Work to be completed — Include in the reply only the lines from the start of the data below through the line containing "Spacious 2 Bed", reproduced exactly and with no pictures.

Data —
•••
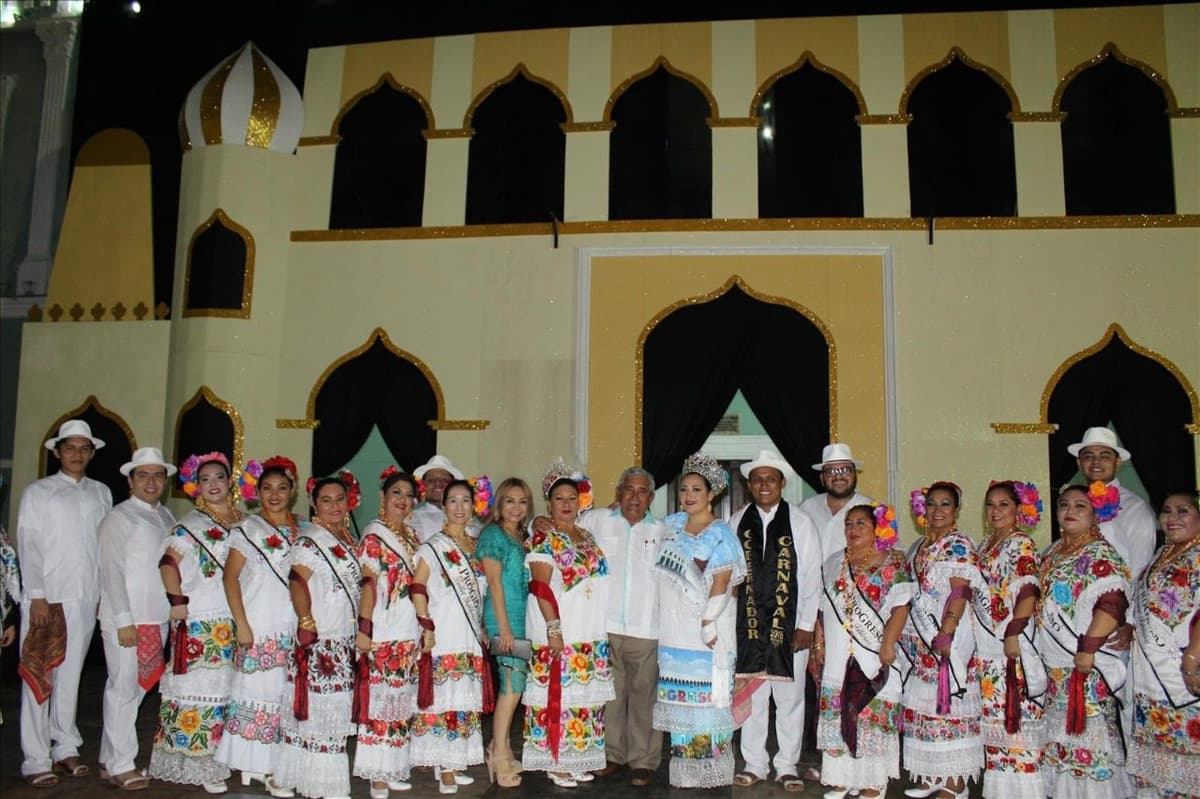 Noche regional en carnaval de Progreso, Yucatán
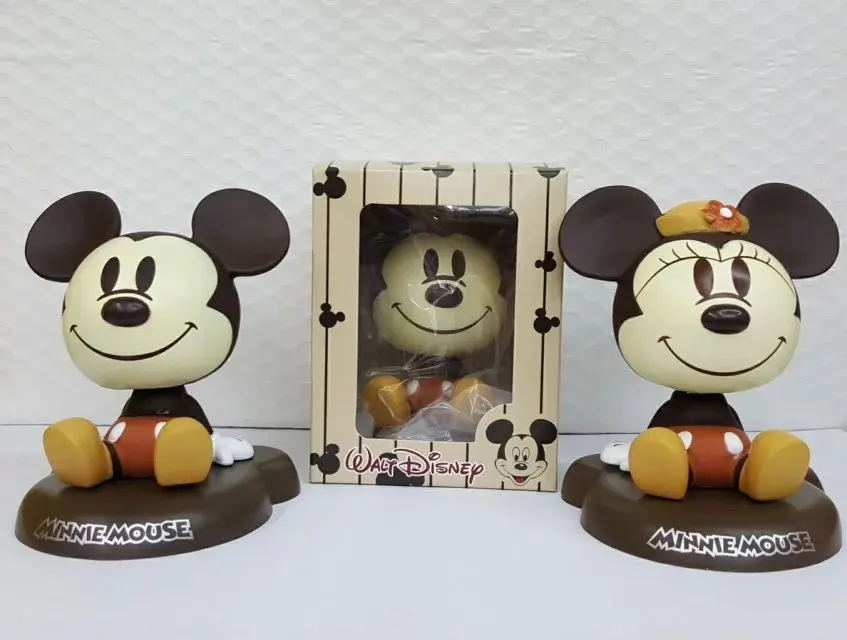 

Mickey Mouse and Donald Duck Minnie Mouse Action Figure 1/8 scale painted figure Mickey Mouse Doll PVC ACGN figure Toys Anime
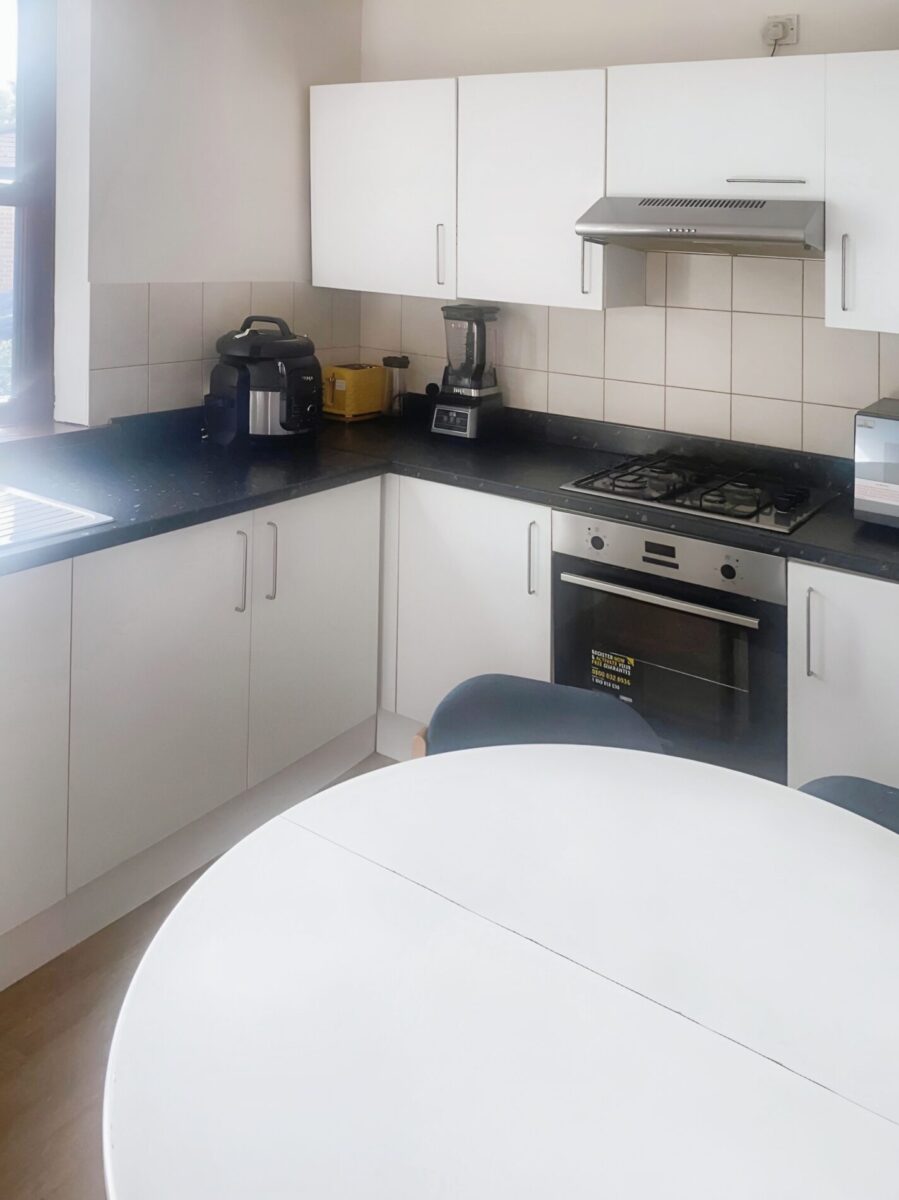 Spacious 2 Bed property  For Rent, Robin Crescent E6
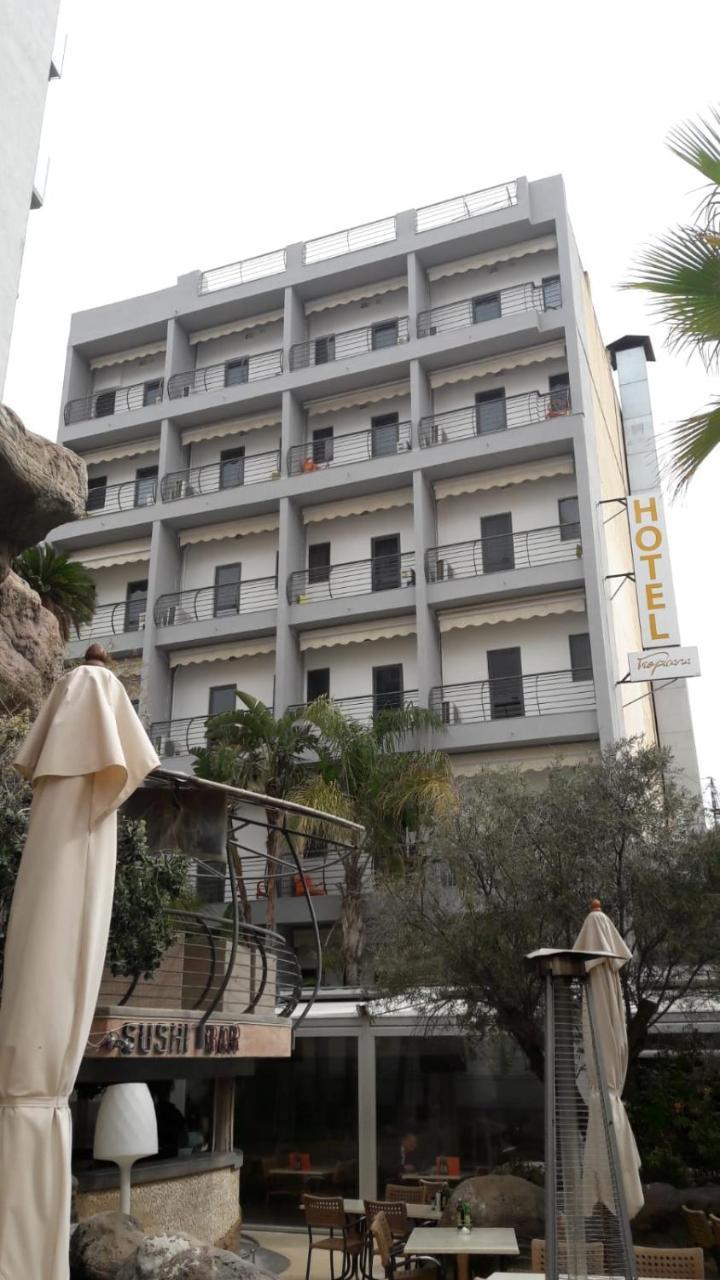 Tropicana Hotel Saint Julian's Eksteriør billede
•••
Exercise result —
 Noche regional en carnaval de Progreso, Yucatán

Mickey Mouse and Donald Duck Minnie Mouse Action Figure 1/8 scale painted figure Mickey Mouse Doll PVC ACGN figure Toys Anime
 Spacious 2 Bed property  For Rent, Robin Crescent E6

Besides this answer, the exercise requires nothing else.